Scraped caption text data =>
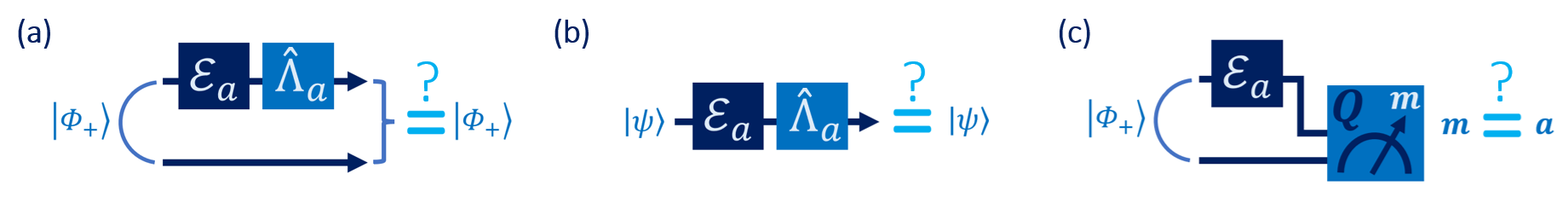 Figure 2: Schematic representations of the tasks for (a) measuring maximally entangled fraction, (b) benchmarking average quantum communication fidelity, and (c) entanglement-assisted unambiguous discrimination. Through the interactive instrument robustness, these three tasks are shown equivalent.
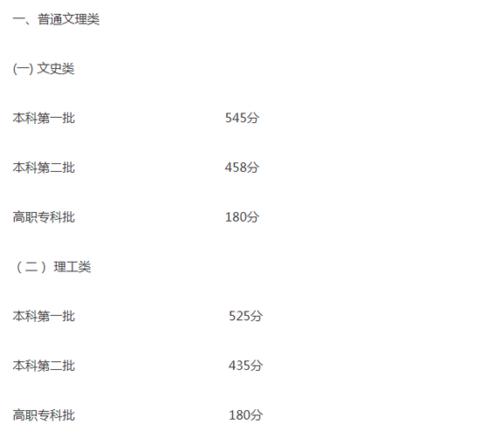 2019高考各省份分数线公布！理科一本最高535，文科一本最高560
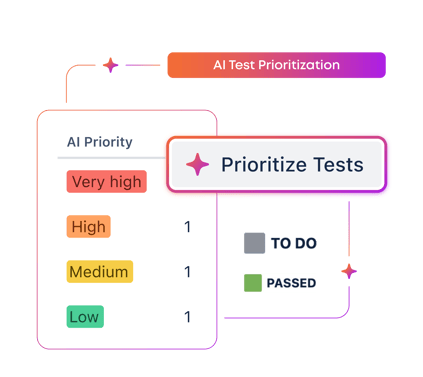 AI Test Prioritization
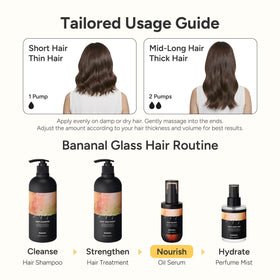 Lifestyle shot of BANANAL Hair Serum in a bathroom setting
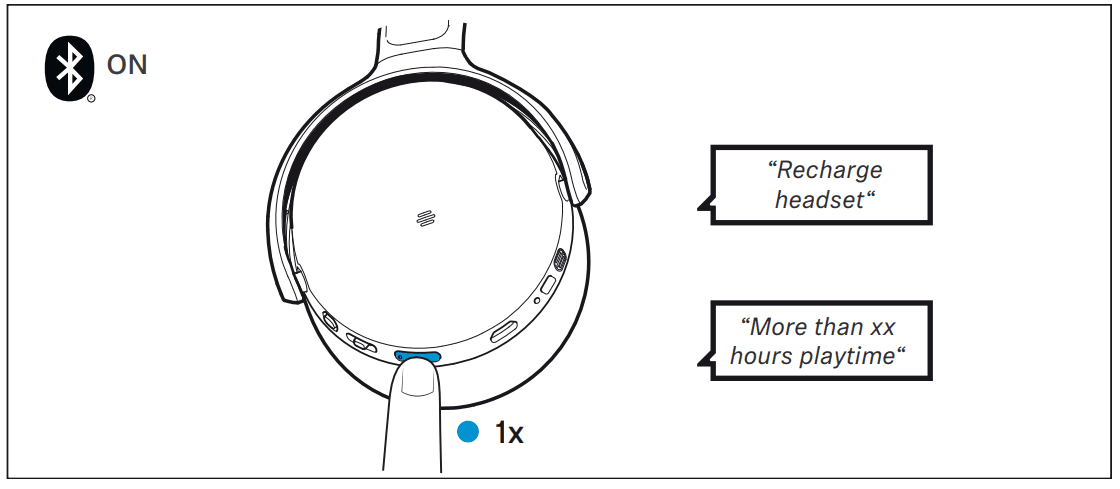 SENNHEISER HD 350BT Around-Ear Wireless Headphones 15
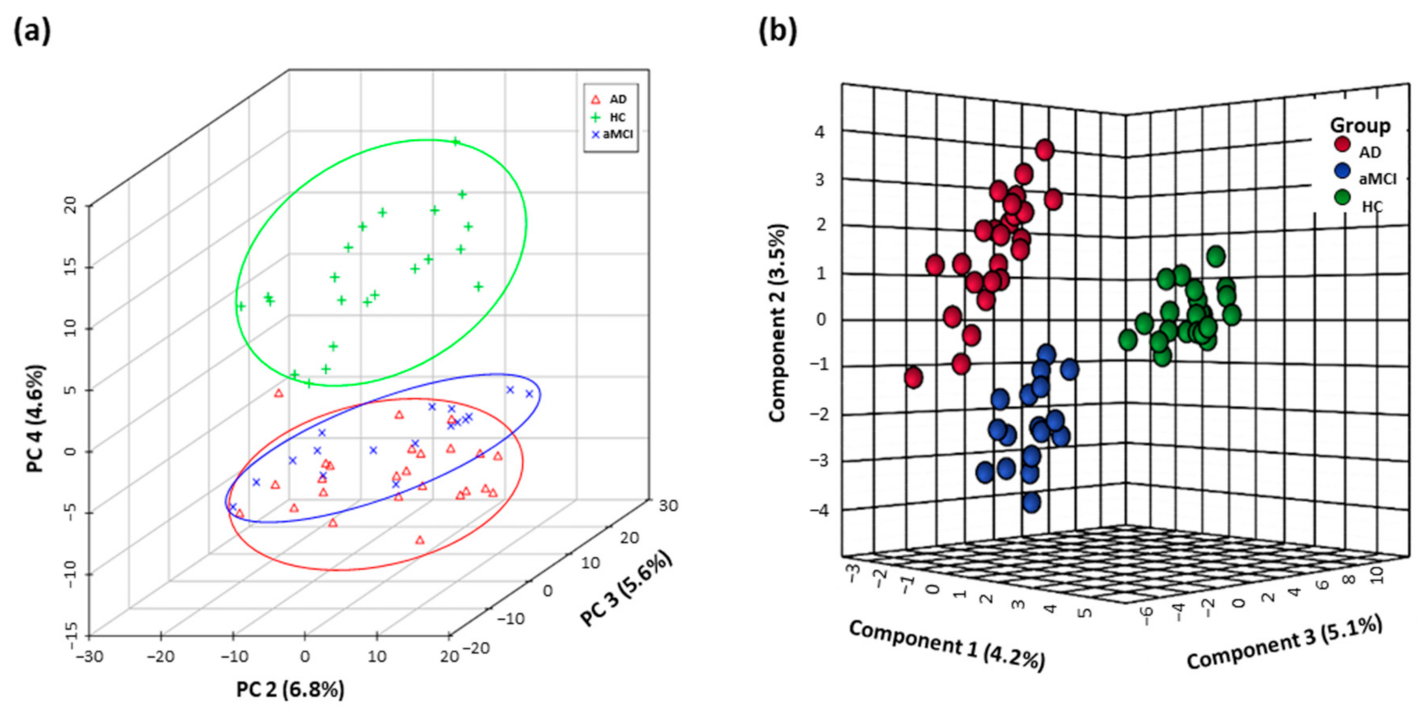 Nutrients 13 00228 g001 Nutrients 13 00228 g001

Action item =>
Each of the entries above must be copied exactly, but the pictures stay out.

Final answer =>
 Figure 2: Schematic representations of the tasks for (a) measuring maximally entangled fraction, (b) benchmarking average quantum communication fidelity, and (c) entanglement-assisted unambiguous discrimination. Through the interactive instrument robustness, these three tasks are shown equivalent.
 2019高考各省份分数线公布！理科一本最高535，文科一本最高560
 AI Test Prioritization
 Lifestyle shot of BANANAL Hair Serum in a bathroom setting
 SENNHEISER HD 350BT Around-Ear Wireless Headphones 15
 Nutrients 13 00228 g001 Nutrients 13 00228 g001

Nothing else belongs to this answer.